Last year, the authorities allowed Peter Wood of UK Glass Eels, who has been exporting glass eels for more than 50 years, to dispatch one tonne of glass eels – representing about 3 million fish.

These were caught in spring in the Severn estuary by elver fishers who have worked the area for years.

The European eel (Anguilla anguilla) is a protected, red-listed species, with the number of elvers migrating into European rivers having declined by 95% since the 1980s.

In 2010, the EU banned the trade of European eels outside their natural range in Europe. Since Brexit, it has been impossible for British eel fishers to export glass eels to restocking projects in EU countries, but a loophole made it permissible to catch and export elvers to non-EU destinations in their natural European range if they were used for conservation purposes, such as restocking lakes or rivers.

Wood said a ban on eel exports to Russia would stop the traditional fishery on the River Severn because there were no other markets to export to.

“It is absolutely devastating,” said Wood. “All my team are going to lose their jobs. This will be hundreds of years of heritage and culture gone.”

A Defra spokesperson said: “We have robust rules and laws in place to safeguard protected species, including glass eels, and any applications to export them are rigorously assessed to ensure they are legal and sustainable.

“This application for the export of glass eels has been refused over concerns of significant risks of illegal trading compounded by the current situation in Russia.”

More than 55,000 people signed a petition calling for an end to the export of elvers to Russia following an outcry after the Guardian revealed plans to increase the Kaliningrad export amount to five tonnes.

Wood said the restocking project in Kaliningrad was a legitimate conservation project and preventing it would also stop his facility’s contribution to UK restocking projects. “Fishermen are very generous. They’ve provided the glass eels and we provide the facilities to do it. All that is going to come to an end,” he said.

Andrew Kerr, chair of the Sustainable Eel Group, welcomed the government decision, saying the focus for eel conservation should be on restocking English and Welsh rivers from the glass eel surplus in the Bristol Channel.

“It’s a much better use of the precious natural resource that they should migrate up the Severn than be sent to Russia. This means that the future is conservation elvering for [UK] restocking programmes,” he said.
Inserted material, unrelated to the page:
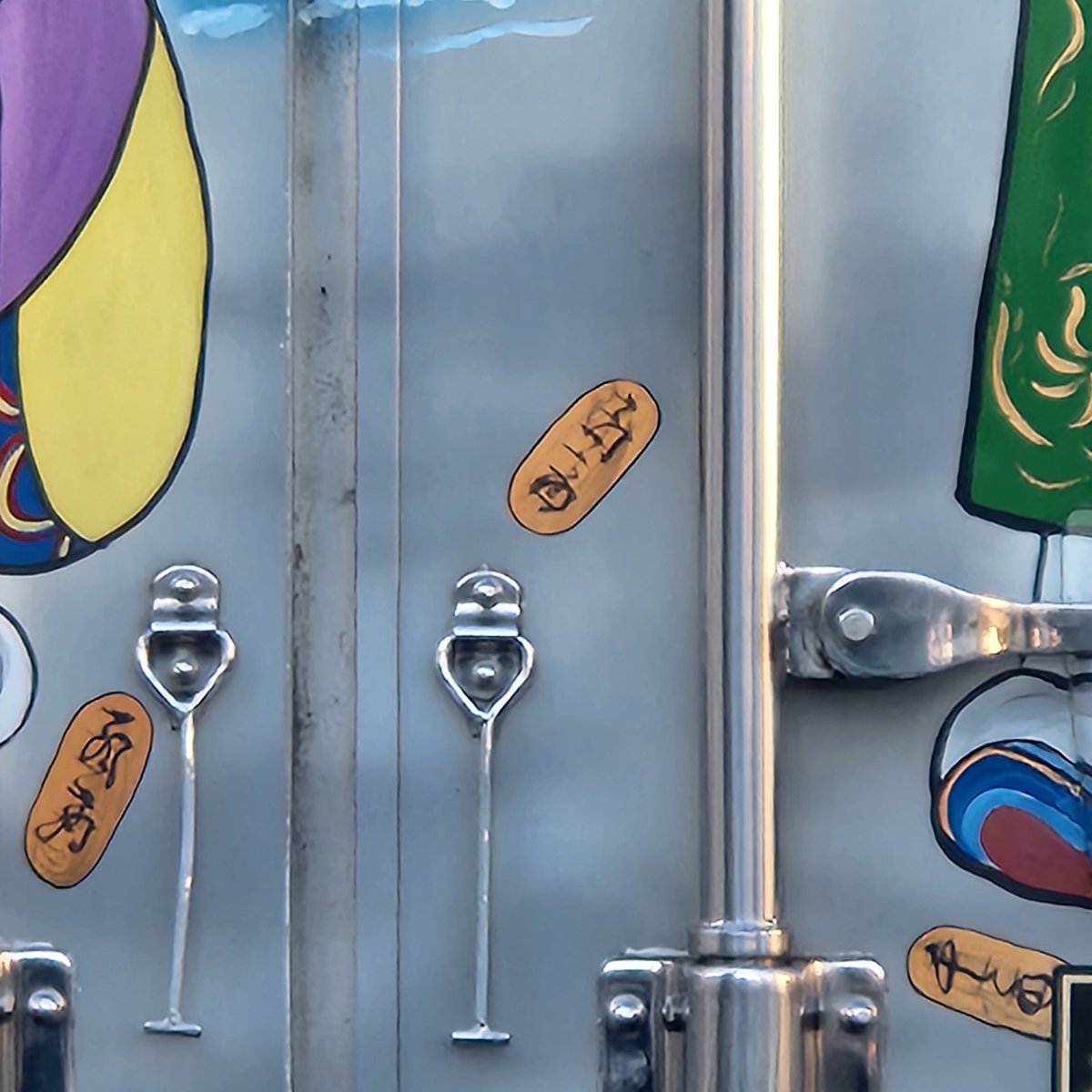 今日わたしの前を走っていたトラック。弁財天と寿老人さん？　寿老人の持った桃、お行儀良く座る白鹿、散らばっている小判、どんな意味があるのでしょう？　でも何となく目出度い感じが良いですね‼️✨背景は翡翠海岸だったりして😆
お陰さまで楽しいドライブができました。県道141号にて。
Young elvers enter river systems and spend years developing before migrating to the Sargasso Sea, in the Atlantic Ocean, to reproduce. But no English or Welsh river is close to meeting its “eel escapement target” – the number of mature silver eels that successfully get out to sea.

Removing barriers such as weirs – or building fish passes around them – is one way to help eels, but moving glass eels from estuaries to suitable habitat upriver is another way to increase populations.